Finding first 'header' of email/news

Post by Eric Fisch » Fri, 22 Jul 1994 11:28:57



Quote:>    I want a way to find the _first_ header of an email/News
>    article, but not using C or perl. Here's the scenario:
>I want a solution that finds the line numbers of the first header of
>each article containing a 'Subject:' header.
>The solution should use awk, sed, grep or other "standard" UNIX commands
>and should be written in a csh-compatible syntax (no flames please!).
>I'm _not_ looking for solutions written in C, perl or other languages.

well, you're awfully picky in your requirements, but if ex(1) isn't
too arcane, you can do something like

echo '1i

.
g/^Subject: /?^$?+1#
q!' | ex $filename | awk '{print $1 - 1}'

which will insert a blank line at the start of the mail file, then
search for all the subject lines, at each instance going back to the
previous blank line (which is why you need one at the start), then
printing the next line and its number.  Ex then exits without saving
changes (q!), then awk gets each of the line numbers and subtracts
one from it.

Much better would have been just to save in mbox format, but I guess
it's too late for that.

Insert backslashes before the newlines if you're using csh, because
it'll yell at you otherwise.

eric
who just learned how to do this today...


 
 
 

Finding first 'header' of email/news

Post by Thomas Michanek - Michag » Fri, 22 Jul 1994 21:04:24



 > >      I want a way to find the _first_ header of an email/News
 > >      article, but not using C or perl.

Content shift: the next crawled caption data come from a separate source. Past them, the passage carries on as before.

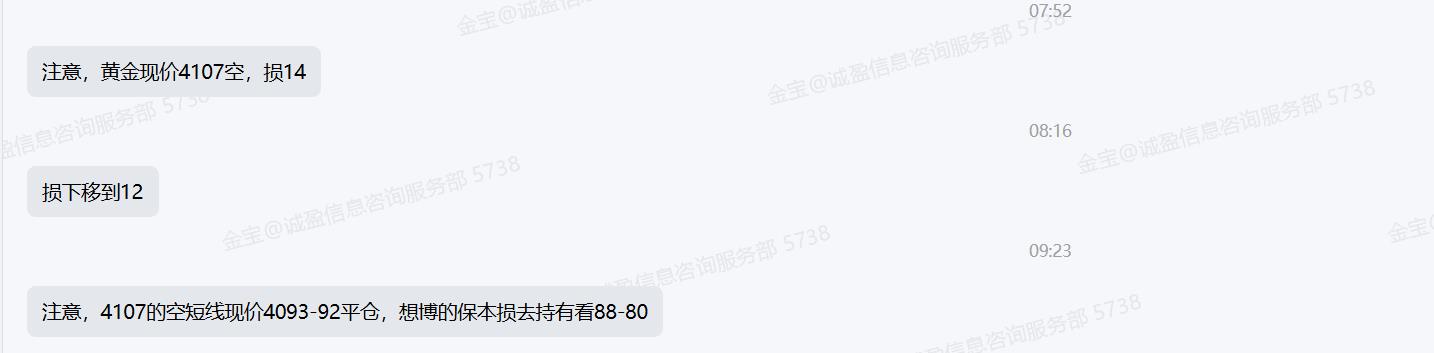【XM外汇市场评论】：11.20黄金震荡依旧，日内继续高抛低吸(图2)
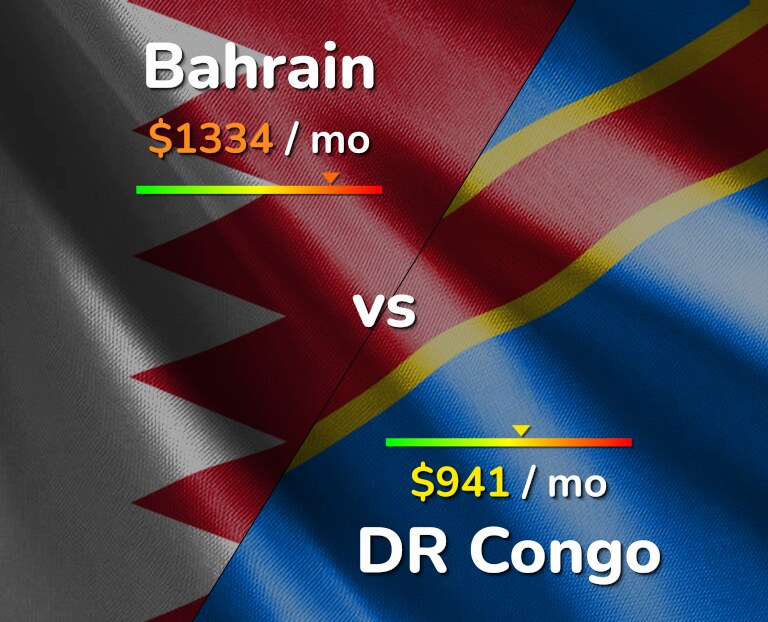 Cost of living in Bahrain vs DR Congo infographic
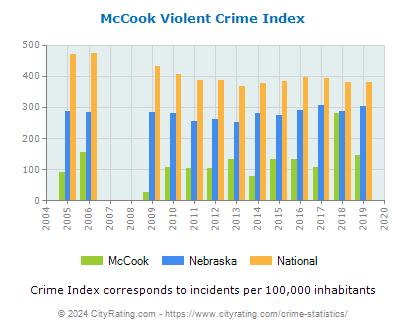 McCook Violent Crime vs. State and National Per Capita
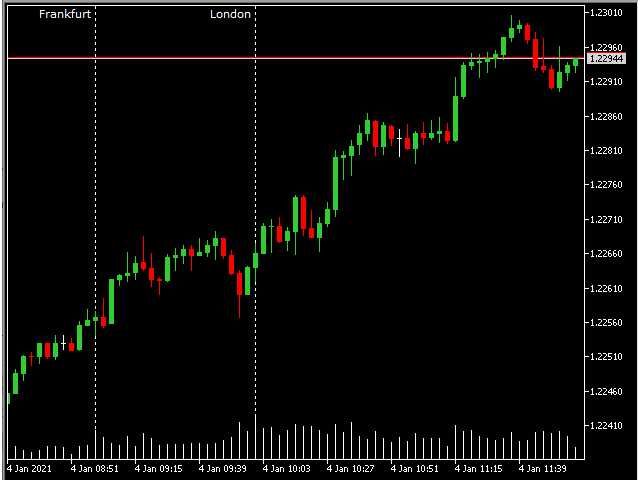 Desenvolvedor de Programas para Metatrader 5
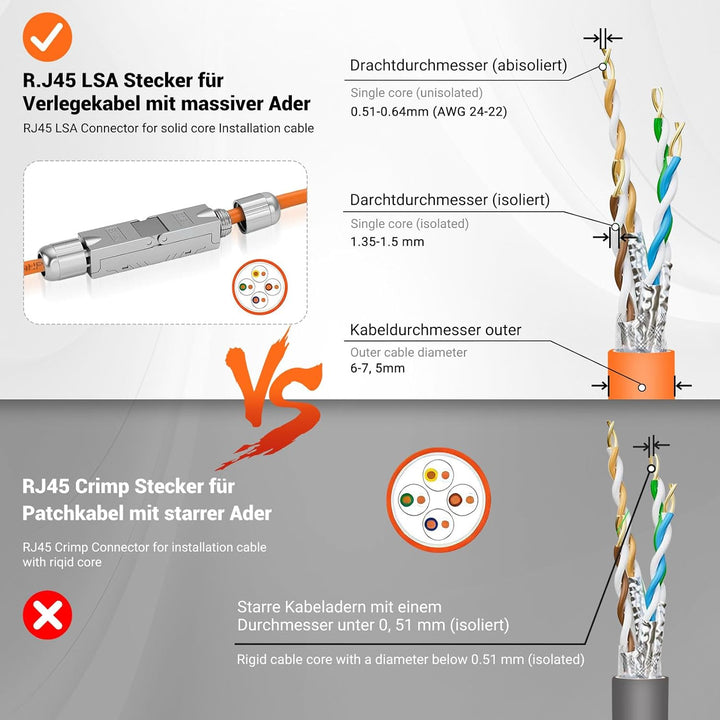 8PCS CAT 7 LSA Netzwerkkabel Verbinder werkzeuglos, RJ45 Cat7 Verbinder STP feldkonfektionierbare Ku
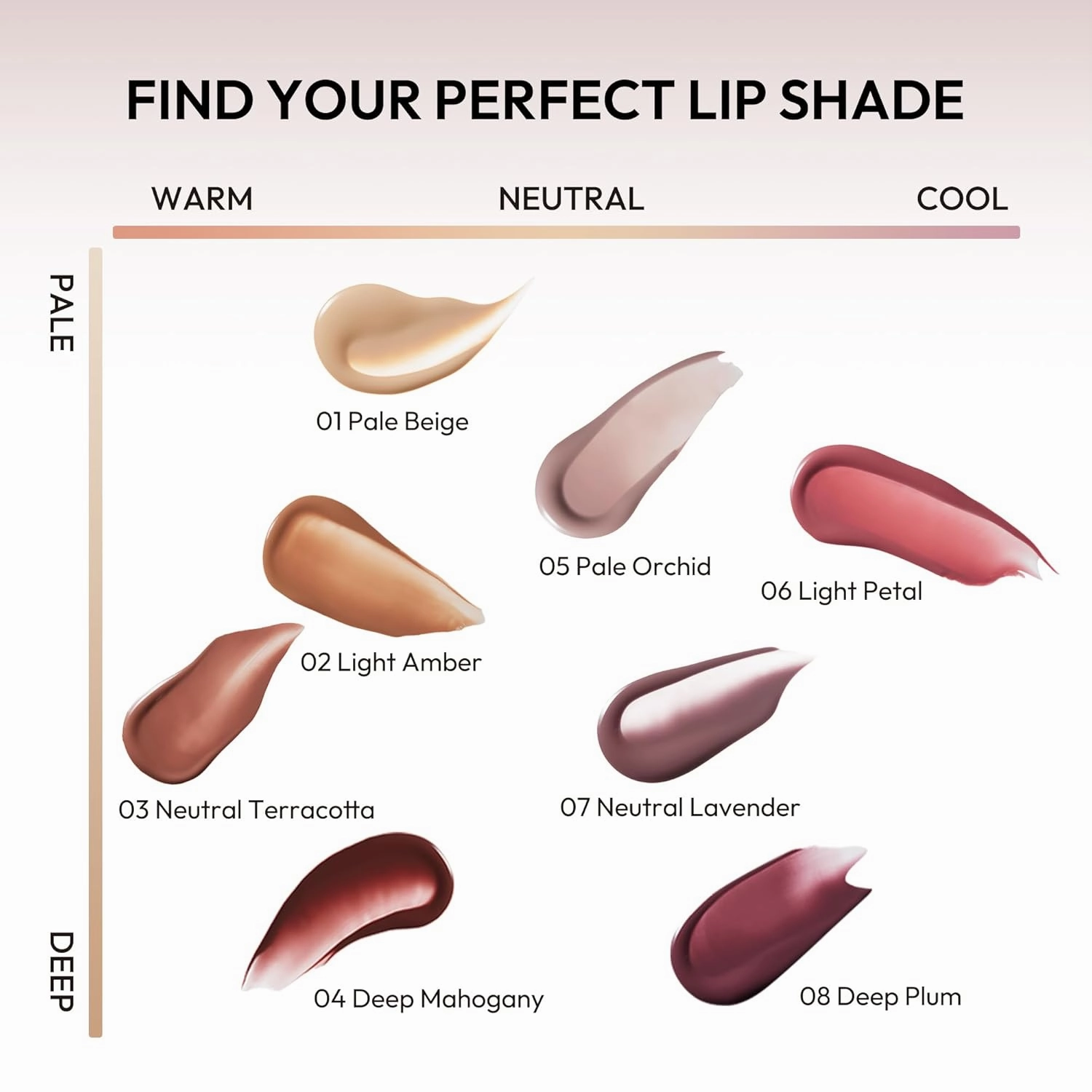 Wink Lip Shade Primer - All Day Top Coat, Smudge-Proof Base, Semi-Matte Long-Lasting Lip Primer (03 Neutral Terracotta)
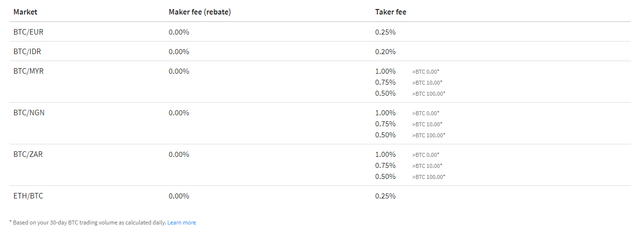 Luno review. A breakdown of Luno's trading fees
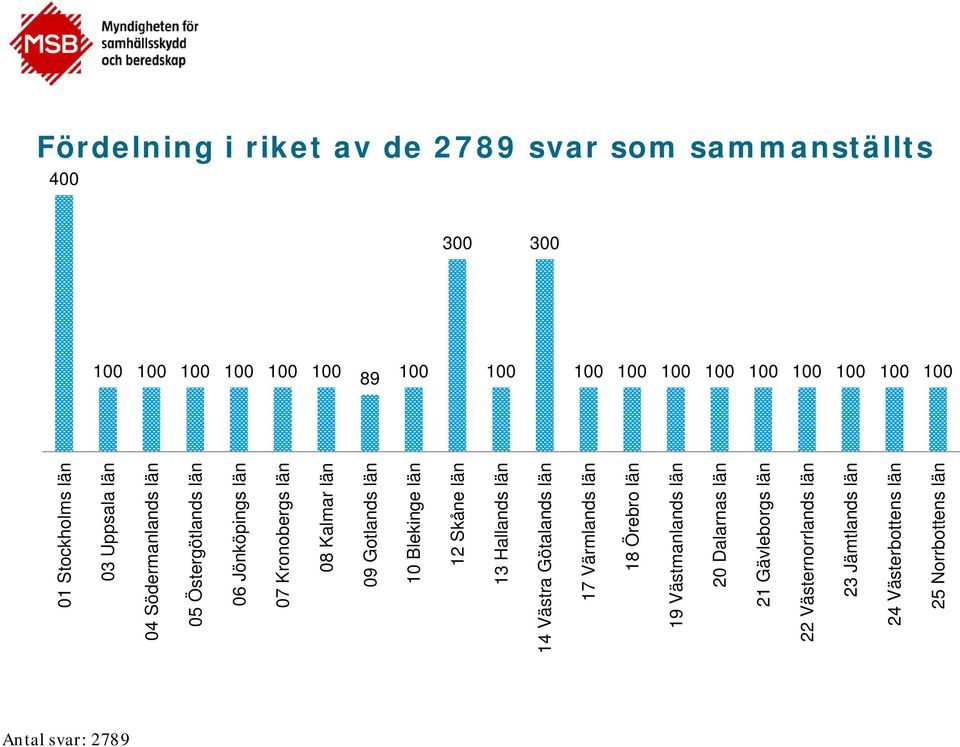 Gotlands län 10 Blekinge län 12 Skåne län 13 Hallands län 14 Västra Götalands län 17 Värmlands län 18 Örebro län 19 Västmanlands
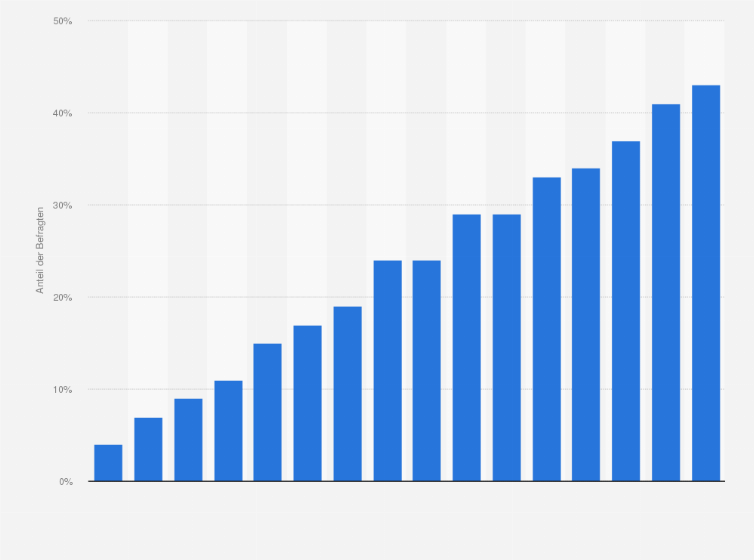 Statistik: Anteil der Personen, die das Internet zur Buchung von Urlaubsreisen nutzen, an der Bevölkerung in Deutschland in den Jahren 2001 bis 2016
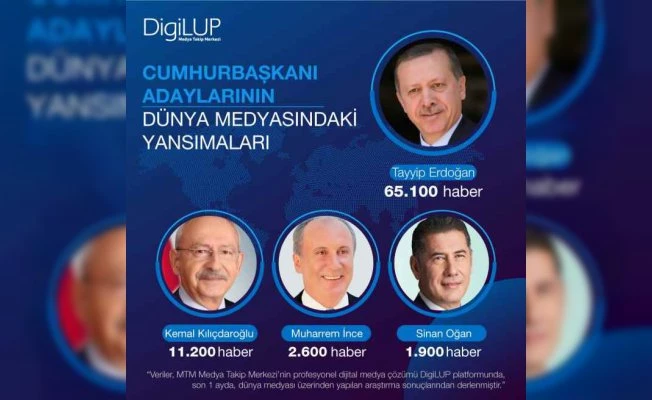 Cumhurbaşkanlığı seçimine dünyanın ilgisi ne düzeyde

Here's the scenario:
 >
 > >I want a solution that finds the line numbers of the first header of
 > >each article containing a 'Subject:' header.
 >
 > well, you're awfully picky in your requirements, but if ex(1) isn't
 > too arcane, you can do something like
 >
 > echo '1i
 >
 > .
 > g/^Subject: /?^$?+1#
 > q!' | ex $filename | awk '{print $1 - 1}'

Thanks! I didn't think of using ex. It does work, but there are a few
problems: Both 'ex' and 'ed' creates a temporary copy of the file to process.
If the file is very large (several MB) it takes a lot of time just to create
the temporary file before the actual processing starts. Also, my 'ex' always
creates the temp. file in /var/tmp, which sometimes has too little space,
and not in /tmp, as the man page says. However, if I use 'ed' instead, I
can set the $TMPDIR variable, which 'ex' doesn't understand... :-(

The '#' command prints both line number and the line itself, which is OK,
but I can't find the command in the man pages! 'ed' doesn't understand it,
but it has '='. But, 'ed' can only handle line numbers <32768 and wraps
the line numbers from 1 again! I haven't been able to test if 'ex' behaves
in the same way.

Eric, if you know of any workarounds to the above, please let me know.
It is by far the best solution I've seen so far.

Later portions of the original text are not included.